Norma Jean è un essere in costante ricerca della sua felicità, amante di piccoli momenti personali, che fuori, all’interno del Sistema Hollywood, deve combattere contro il pregiudizio di chi la vede solo bella (una maledizione?) e priva di talento, l’errore più grave. Quella che allora Ana de Armas mette in scena, è una figura straordinaria, quanto tragica (gli aggettivi ne descrivano l’ascesa e caduta terrena) a trasmettercela nei diversi passaggi della propria vita: dal legame burrascoso col primo marito, l’ex giocatore di baseball Joe DiMaggio, al secondo, quello con lo scrittore e drammaturgo Arthur Miller, il tutto intervallato dal rapporto ambiguo, d’amore e sesso (nella realtà non è chiaro se fu davvero così) con due dei figli di Chaplin, Charlie “Cas” Chaplin Jr. e Sidney, tanto da vedere i titoli dei giornali scrivere di loro “eccoli nel ménage à trois”. C’è John Kennedy, non la scena famosa del “Happy Birthday Mr. President”, ma un’altra più spinta e denigratoria nei suoi confronti, c’è la lenta autodistruzione, la celebrità ingombrante, i mass media. Ma, poi, c’è soprattutto l’ambivalenza tra il privato e il pubblico, tra la donna desiderosa di diventare madre (una maternità negata dagli eventi e tre aborti) e l’icona da grande schermo di A qualcuno piace caldo e Gli uomini preferiscono le bionde, che forse voleva solo vivere e inseguire la propria normalità.

 “Sono semplicemente una bionda”, risponde lei, nel film, ai parenti italo-americani di DiMaggio.

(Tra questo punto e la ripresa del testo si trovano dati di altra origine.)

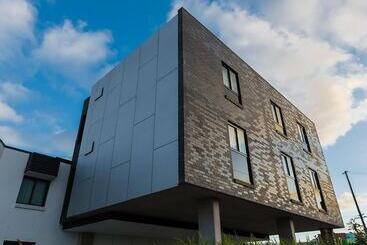 Bankstown Motel 10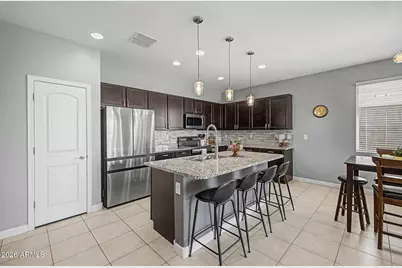 23723 W Hess Avenue, Buckeye, AZ 85326 - Photo 9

In verità Marilyn ha rappresentato tutto, (in)consapevole, sia da viva, che dopo, che sarebbe trasfigurata in altre generazioni rimanendo ferma nel tempo, morì di overdose di farmaci a 36 anni nel 1962, e che dopo esattamente 60 anni non smette di affascinare sul proprio modo di osservare il mondo, sulla capacità di essere diversa, in termini di unicità rispetto alle altre, di tratteggiare un universo luminoso e malinconico di sentimenti e contrasti.

Norma Jean e Marilyn Monroe trovano il loro equilibrio alimentandosi l’una nell’altra, rappresentando, ancora adesso, l’esempio di una donna dotata di più livelli e sguardi, coraggiosa, divisa tra l’adulazione del pubblico, maschile e femminile, e il prenderne distanza. Amata e ammirata, indifesa e forte, rivoluzionaria in egual modo.

 «È stato un processo di apprendimento molto lungo e immersivo, ma non ne ero consapevole», racconta

Ana de Armas, tra le favorite alla Coppa Volpi «Per me è stata una grande coperta, scandita da un lavoro, che mi ha portato ad esplorarla nell’intimità, a cineprese spente. Volevamo avere dettagli, e lo spazio per creare la donna reale dietro a quel personaggio, penso fosse con noi sul set, ne abbiamo sentito la presenza, era nell’aria, aveva la mia stessa età. Quando ho accettato il progetto sapevo che avrei dovuto aprirmi, ed arrivare in alcuni luoghi di grande vulnerabilità, oscuri. Ed è lì che ho trovato il mio collegamento, la sua verità emotiva».